- [Dataset extract]

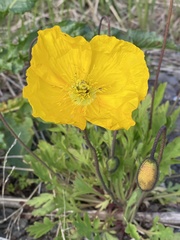 Papaver croceum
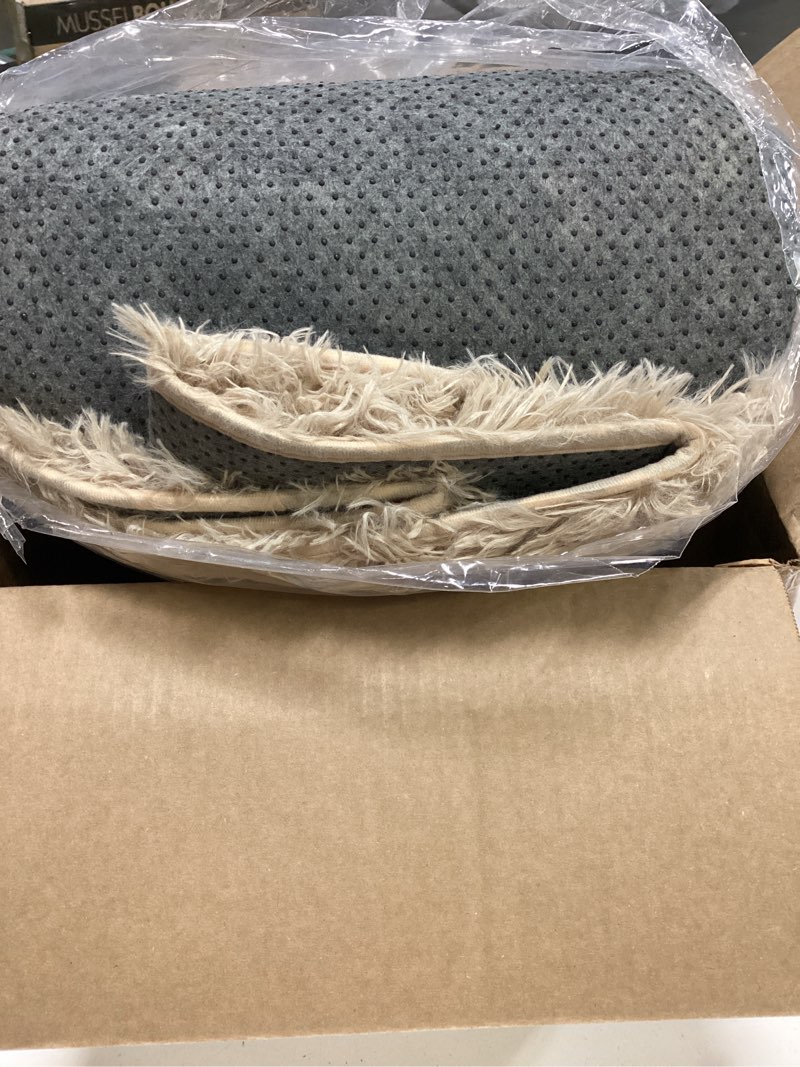 Condition photo showing As Is for 5x8 living room rugs fluffy neutral beige area rug,modern plush non-slip soft bedroom shag carpet for book room office,coffee stain resistant beige 5' x 8' (rectangular)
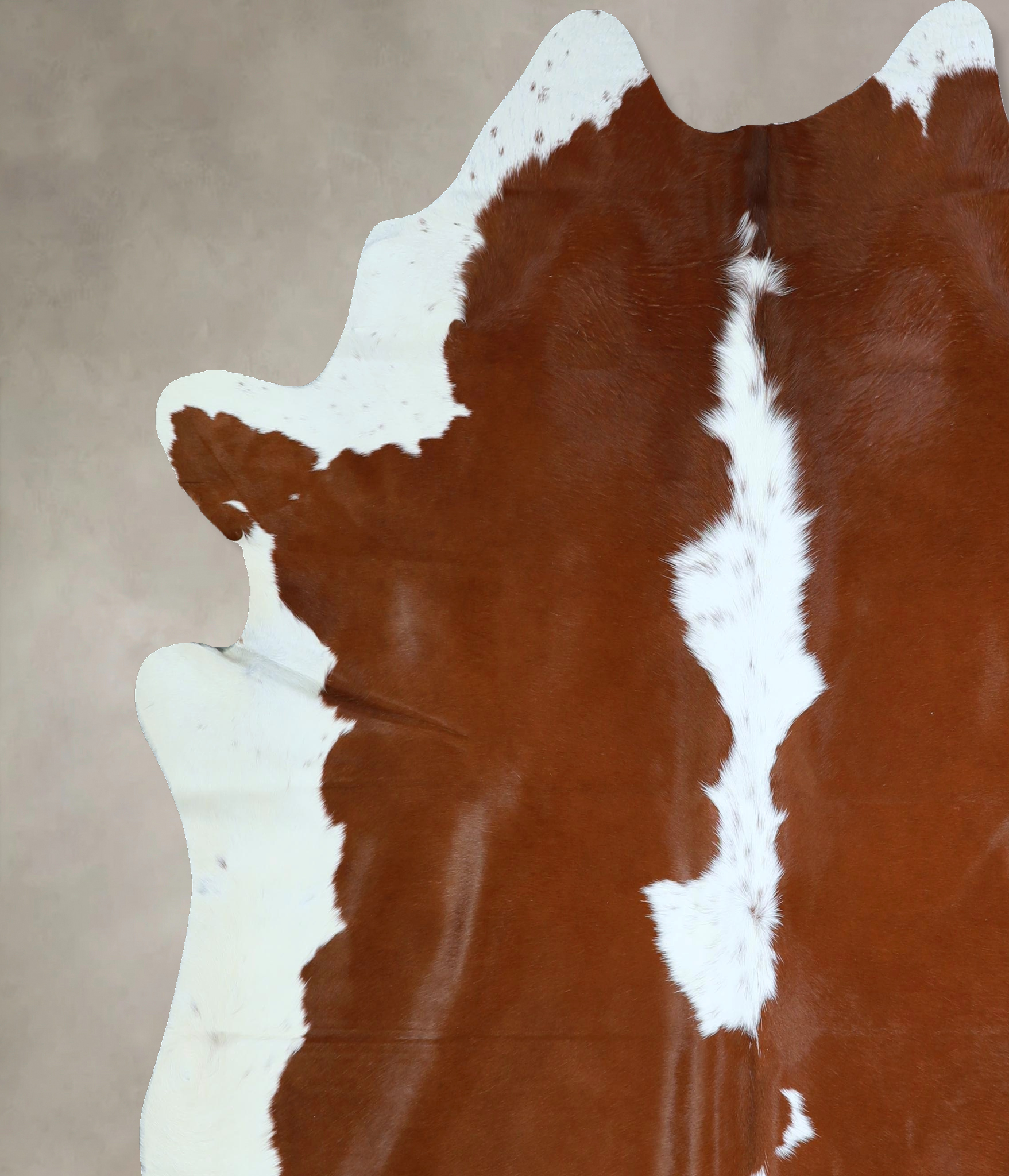 Brown and White Cowhide Rug #A43223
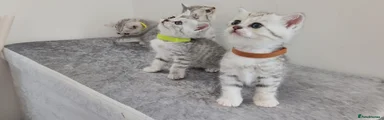 British Shorthair - BROWN COLLAR - GIRL - RESERVED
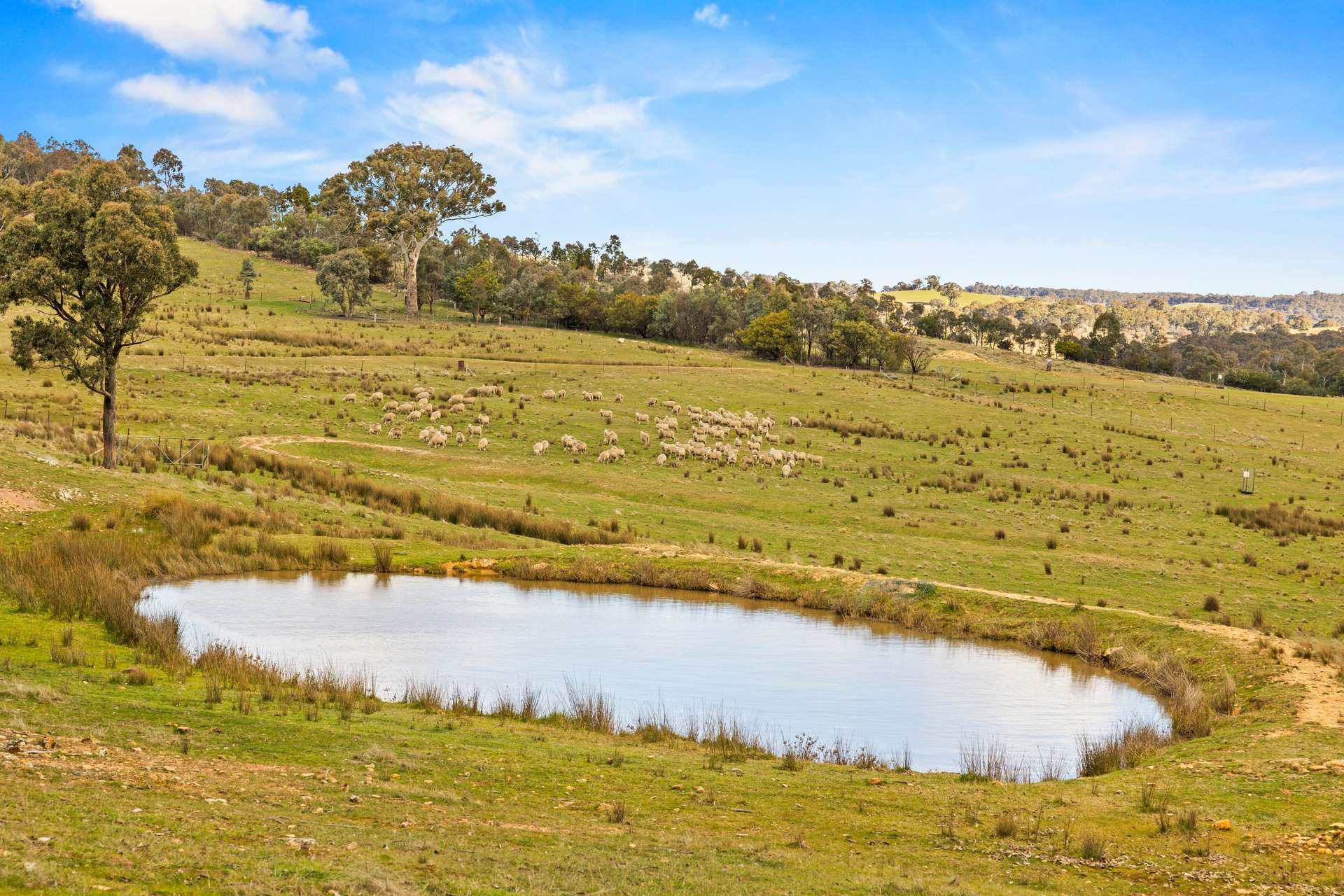 140 Boutchers Drive, Murrumbateman For Sale by Farmbuy.com - image 15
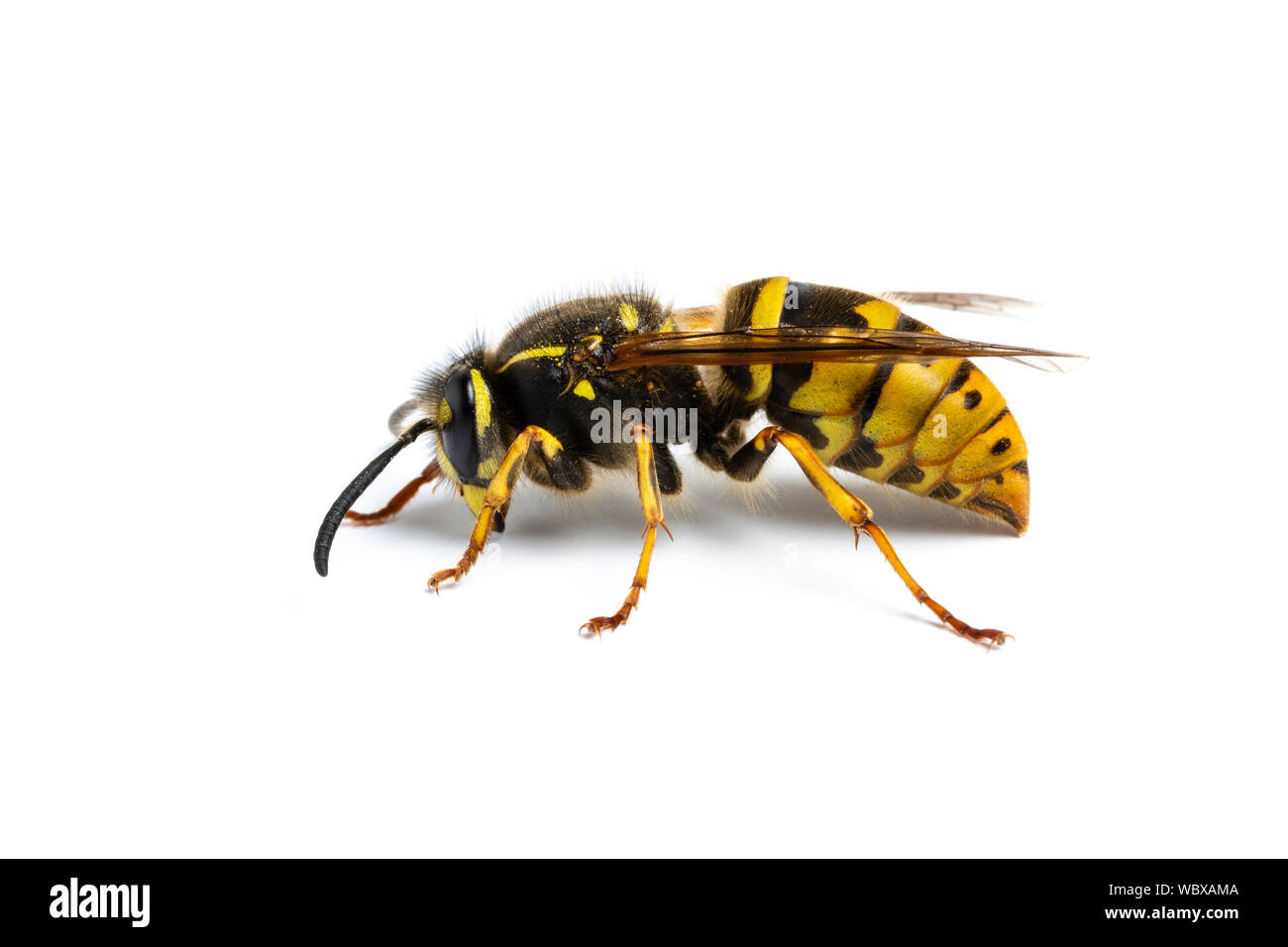 Wasp comune, Vespula vulgaris, Monmouthshire, febbraio. Famiglia Vespidae. Foto Stock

- [Exercise details] Leaving all pictures aside, quote each record exactly.

- [Reply to the task]
 Papaver croceum
 Condition photo showing As Is for 5x8 living room rugs fluffy neutral beige area rug,modern plush non-slip soft bedroom shag carpet for book room office,coffee stain resistant beige 5' x 8' (rectangular)
 Brown and White Cowhide Rug #A43223
 British Shorthair - BROWN COLLAR - GIRL - RESERVED
 140 Boutchers Drive, Murrumbateman For Sale by Farmbuy.com - image 15
 Wasp comune, Vespula vulgaris, Monmouthshire, febbraio. Famiglia Vespidae. Foto Stock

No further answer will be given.